━━━ Record excerpts

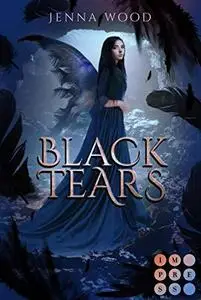 Jenna Wood - Die Black-Reihe 3: Black Tears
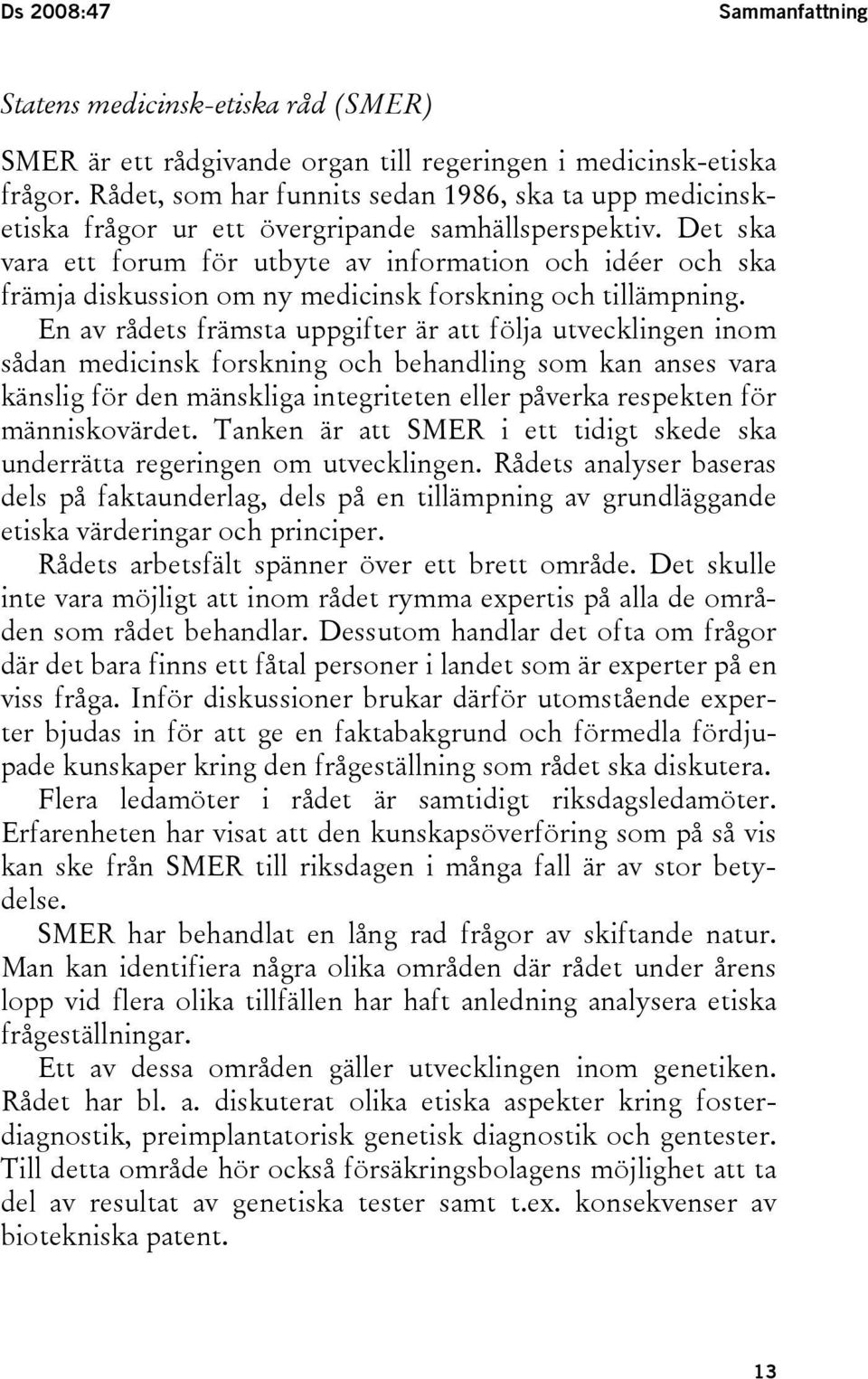 Det ska vara ett forum för utbyte av information och idéer och ska främja diskussion om ny medicinsk forskning och tillämpning.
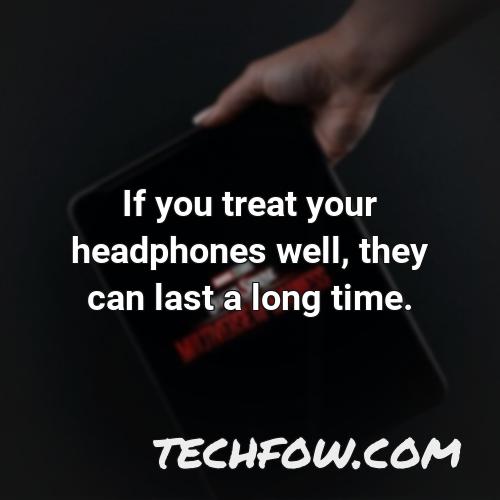 if you treat your headphones well they can last a long time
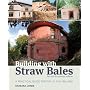 Building with Straw Bales: A Practical Guide for the UK and Ireland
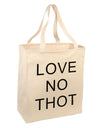 Love No Thot Large Grocery Tote Bag by TooLoud-Grocery Tote-TooLoud-Natural-Large-Davson Sales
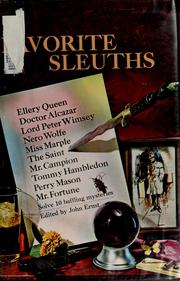 Cover of: Favorite sleuths: Ellery Queen, Doctor Alcazar, Lord Peter Wimsey, Nero Wolfe, Miss Marple, The Saint, Mr. Campion, Tommy Hambledon, Perry Mason, Mr. Fortune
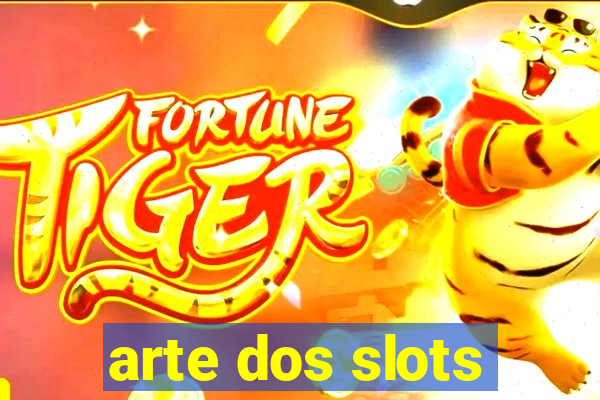 arte dos slots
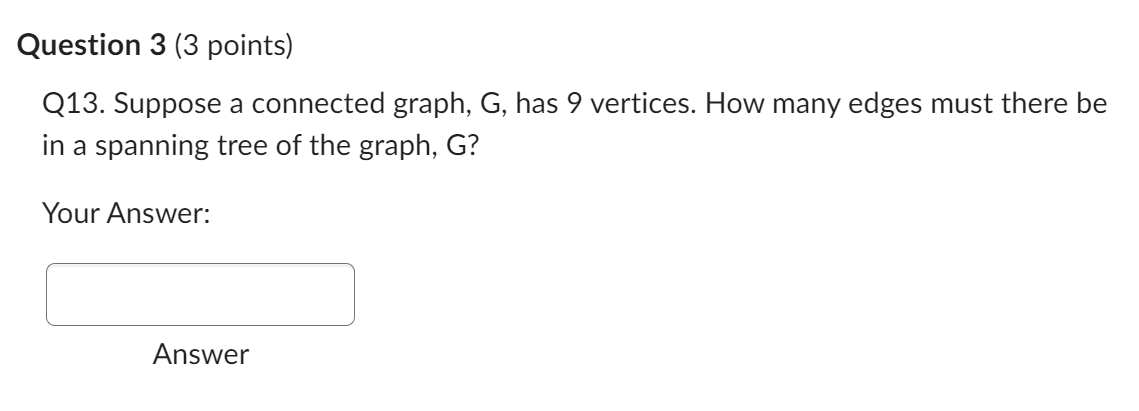 Question 1 (3 points) Q12A. Assess whether the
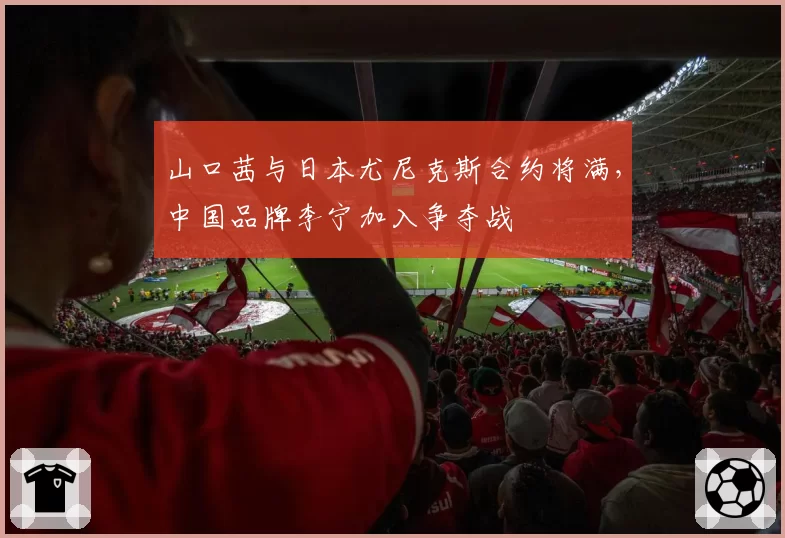 山口茜与日本尤尼克斯合约将满，中国品牌李宁加入争夺战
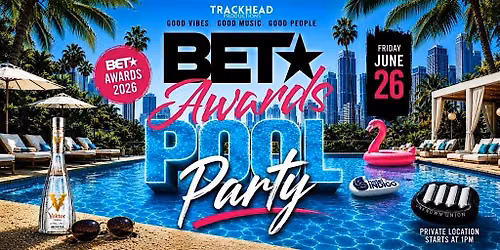 Bet Awards Pool Party: Presented by  Trackhead Productions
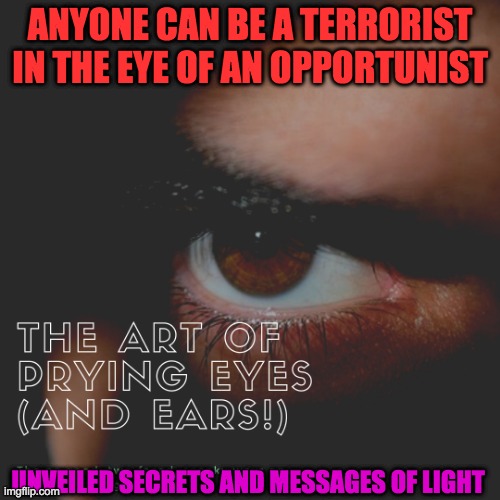 TERRORISM | ANYONE CAN BE A TERRORIST IN THE EYE OF AN OPPORTUNIST; UNVEILED SECRETS AND MESSAGES OF LIGHT | image tagged in terrorism | made w/ Imgflip meme maker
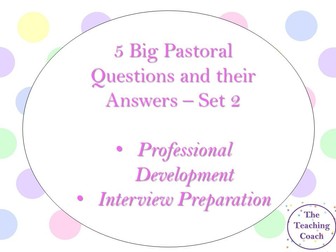 5 Big Pastoral Questions and their Answers - Set 2 - Interview Prep - Head of Year Development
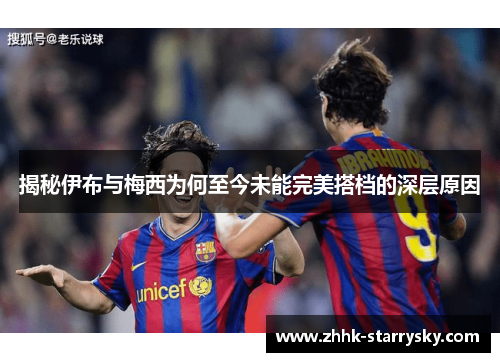 揭秘伊布与梅西为何至今未能完美搭档的深层原因
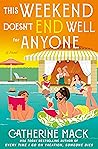 This Weekend Doesn't End Well for Anyone: A Novel (The Vacation Mysteries, 3)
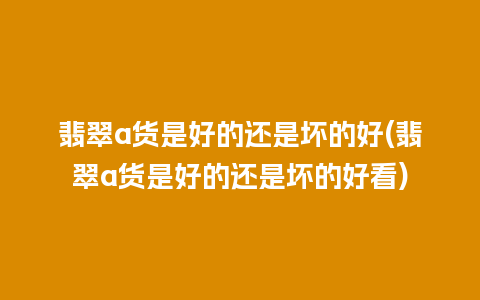 翡翠a货是好的还是坏的好(翡翠a货是好的还是坏的好看)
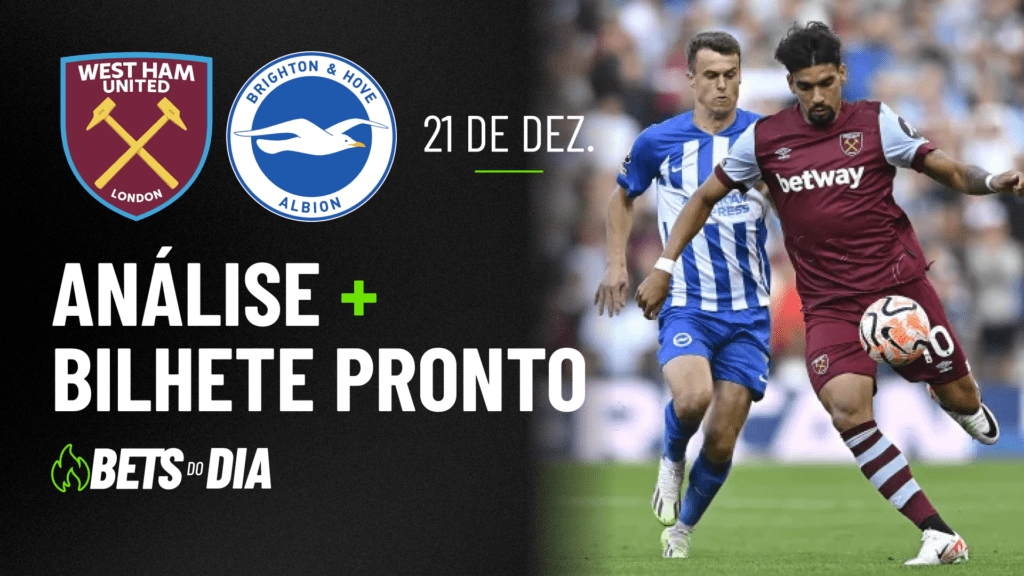 West Ham x Brighton: Análise Detalhada e Sugestão de Aposta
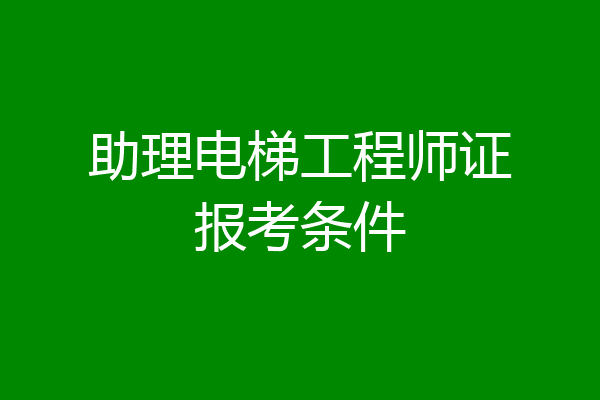 助理电梯工程师证报考条件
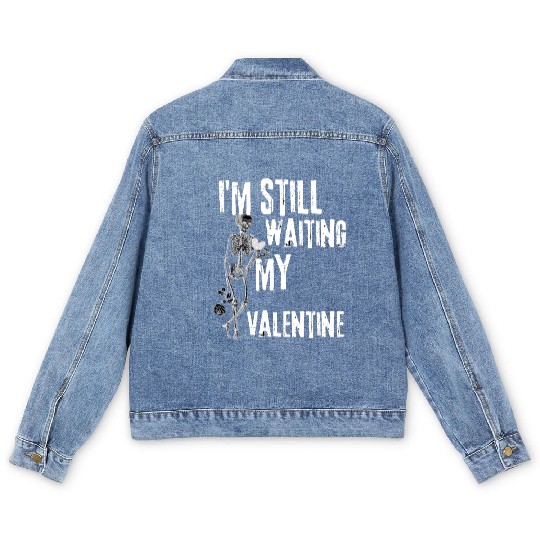 I'm still waiting my valentine,anti valentine love Men's Denim Jackets
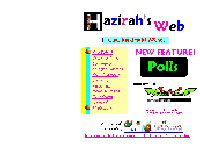 Hazirah's Web 1:  www.hazirah238.net  --  please do not try it!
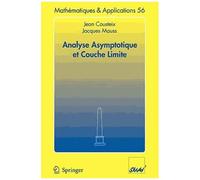 Analyse Asymptotique Et Couche Limite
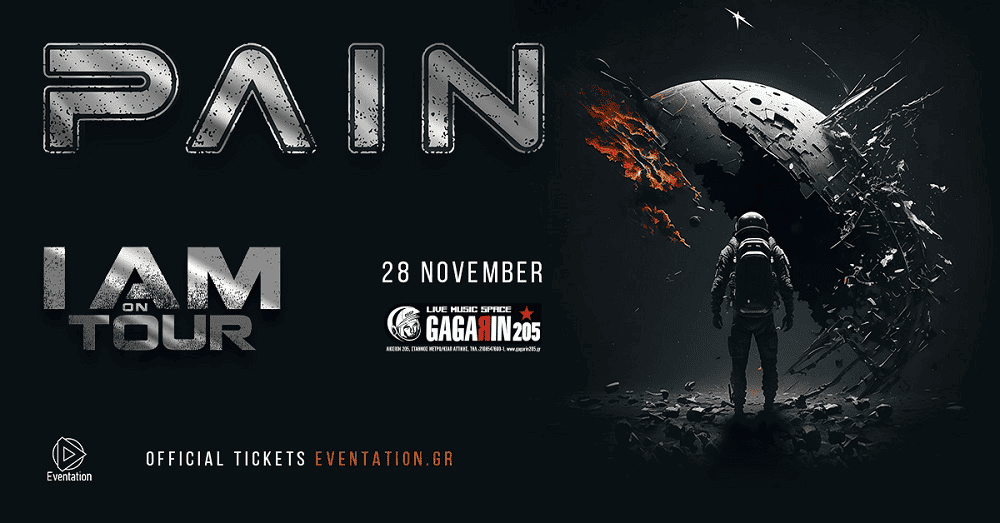 Read more about the article PAIN – live στην Αθήνα στο Gagarin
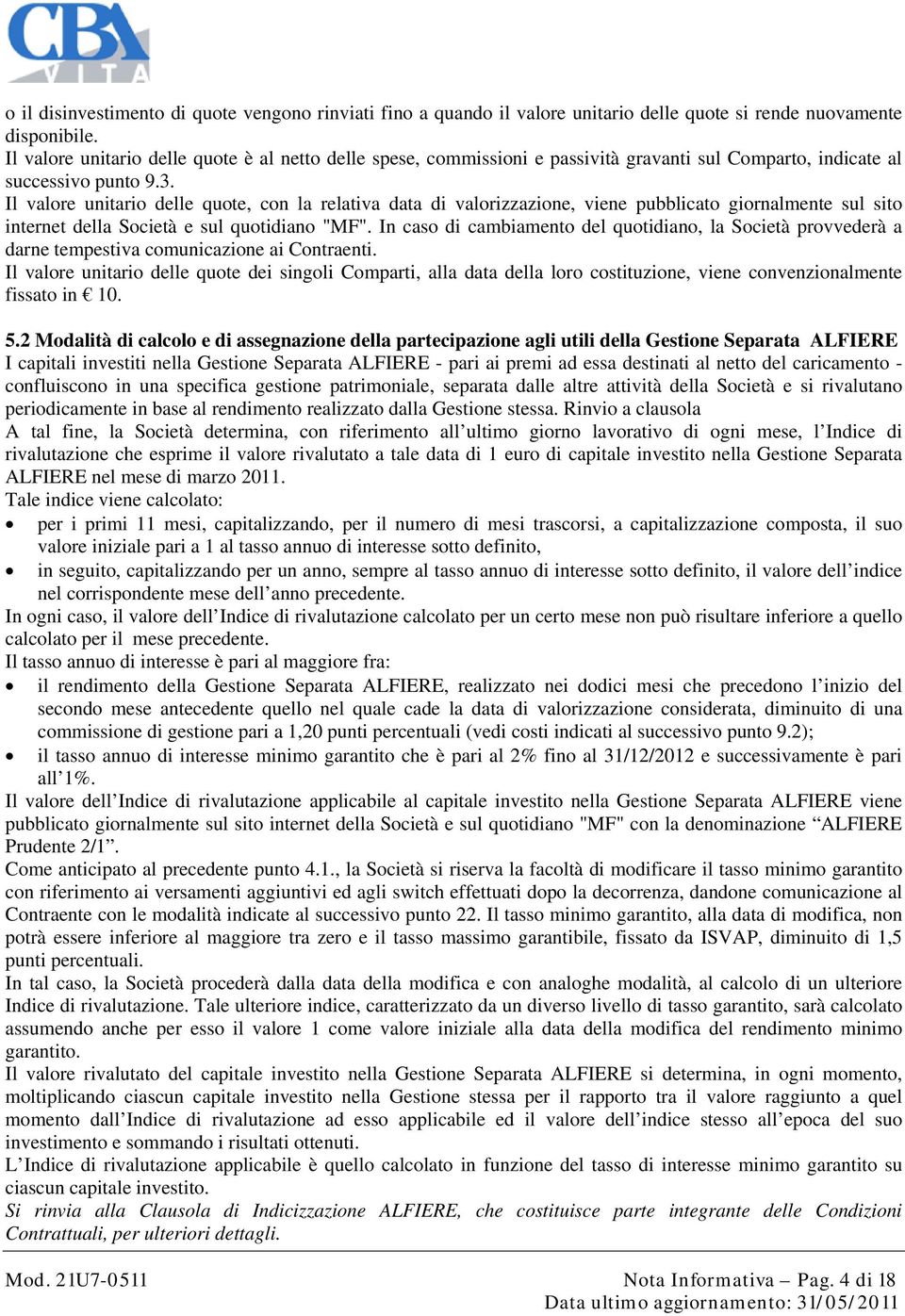 Il valore unitario delle quote, con la relativa data di valorizzazione, viene pubblicato giornalmente sul sito internet della Società e sul quotidiano "MF".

━━━━━━

*What is being asked*.
Starting at the line with "I'm still waiting" and finishing at the line with "Read more about", copy the material above exactly, both lines included. Nothing else goes in, and no pictures.

*Exercise solution*.
 I'm still waiting my valentine,anti valentine love Men's Denim Jackets
 Hazirah's Web 1:  www.hazirah238.net  --  please do not try it!
 Analyse Asymptotique Et Couche Limite
 Read more about the article PAIN – live στην Αθήνα στο Gagarin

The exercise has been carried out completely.